## Aim of the task
State how many lines of the records contain the string "Used". Give the number alone.

Data under study below:

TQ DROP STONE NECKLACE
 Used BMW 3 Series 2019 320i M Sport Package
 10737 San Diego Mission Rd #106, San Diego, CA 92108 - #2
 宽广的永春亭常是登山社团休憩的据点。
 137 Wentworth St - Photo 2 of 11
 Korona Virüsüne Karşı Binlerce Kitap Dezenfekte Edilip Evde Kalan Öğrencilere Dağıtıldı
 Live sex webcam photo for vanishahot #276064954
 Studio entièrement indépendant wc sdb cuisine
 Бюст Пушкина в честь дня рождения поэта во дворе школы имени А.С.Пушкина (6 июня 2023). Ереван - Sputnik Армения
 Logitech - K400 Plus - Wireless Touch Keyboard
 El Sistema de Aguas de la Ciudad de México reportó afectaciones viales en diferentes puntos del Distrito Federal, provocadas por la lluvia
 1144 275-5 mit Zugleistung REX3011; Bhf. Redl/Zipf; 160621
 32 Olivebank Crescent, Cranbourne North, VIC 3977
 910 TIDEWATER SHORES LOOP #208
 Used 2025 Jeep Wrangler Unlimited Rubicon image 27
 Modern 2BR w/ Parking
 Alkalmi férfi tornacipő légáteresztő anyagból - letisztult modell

End of Data under study.

## Problem solution
2